SUPPLIED ENTRIES below:

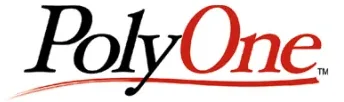 Polyone Tekno Polimer Mühendislik Plastikleri San. Tic. A.Ş. logosu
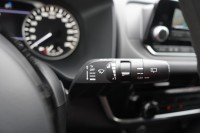 Nissan Qashqai 1.3 M-Hybrid Visia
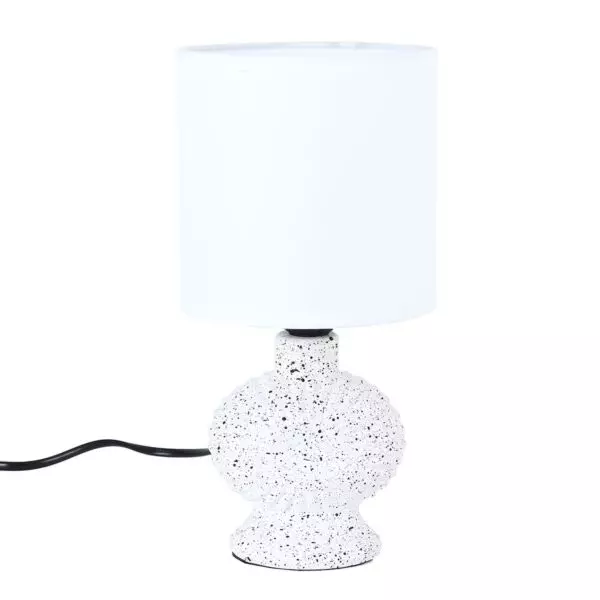 baytonia_gallery_image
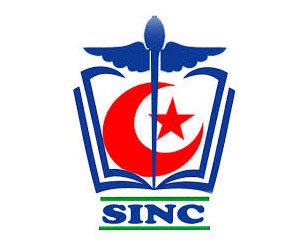 Shahida Islam Medical College SIMC Lodhran admission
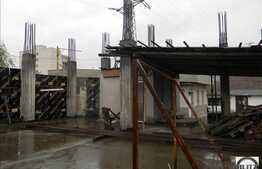 Spatiu de inchiriat, 300 mp, posibilitatea de recompartimentare, zona Pta.Abator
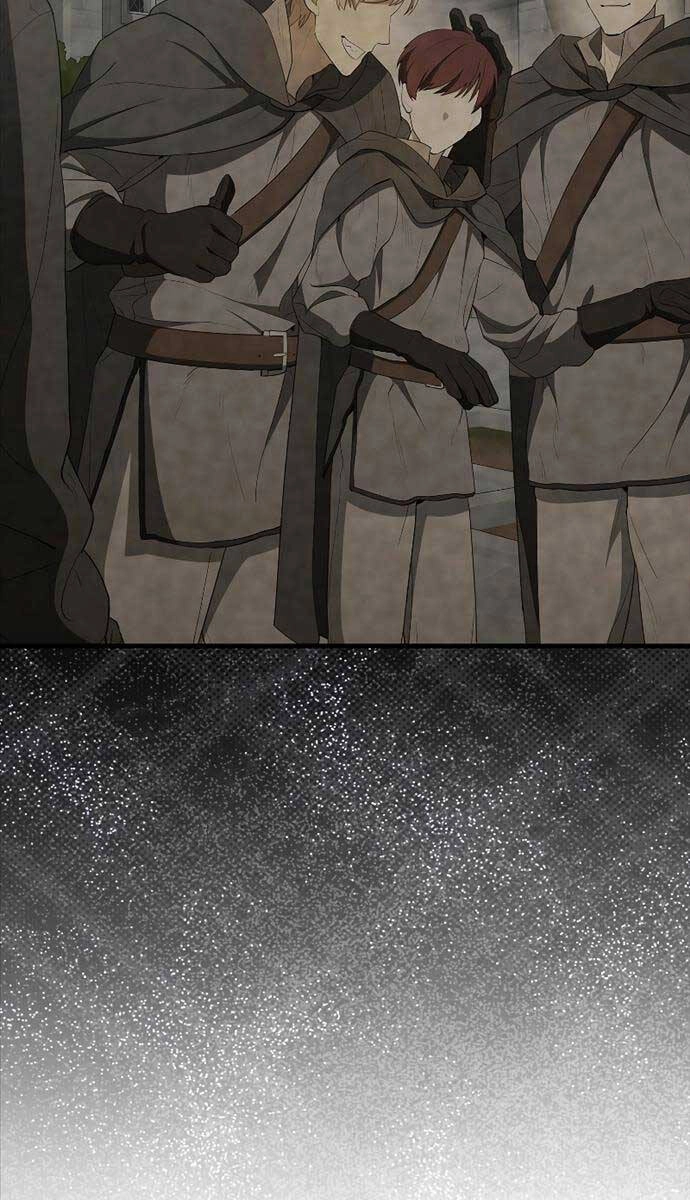 Nhân Vật Phụ Siêu Mạnh Chapter 40 - 96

End of SUPPLIED ENTRIES.

- _ACTION ITEM_: Skip the pictures and output all entries exactly.

- _TASK ANSWER_:
 Polyone Tekno Polimer Mühendislik Plastikleri San. Tic. A.Ş. logosu
 Nissan Qashqai 1.3 M-Hybrid Visia
 baytonia_gallery_image
 Shahida Islam Medical College SIMC Lodhran admission
 Spatiu de inchiriat, 300 mp, posibilitatea de recompartimentare, zona Pta.Abator
 Nhân Vật Phụ Siêu Mạnh Chapter 40 - 96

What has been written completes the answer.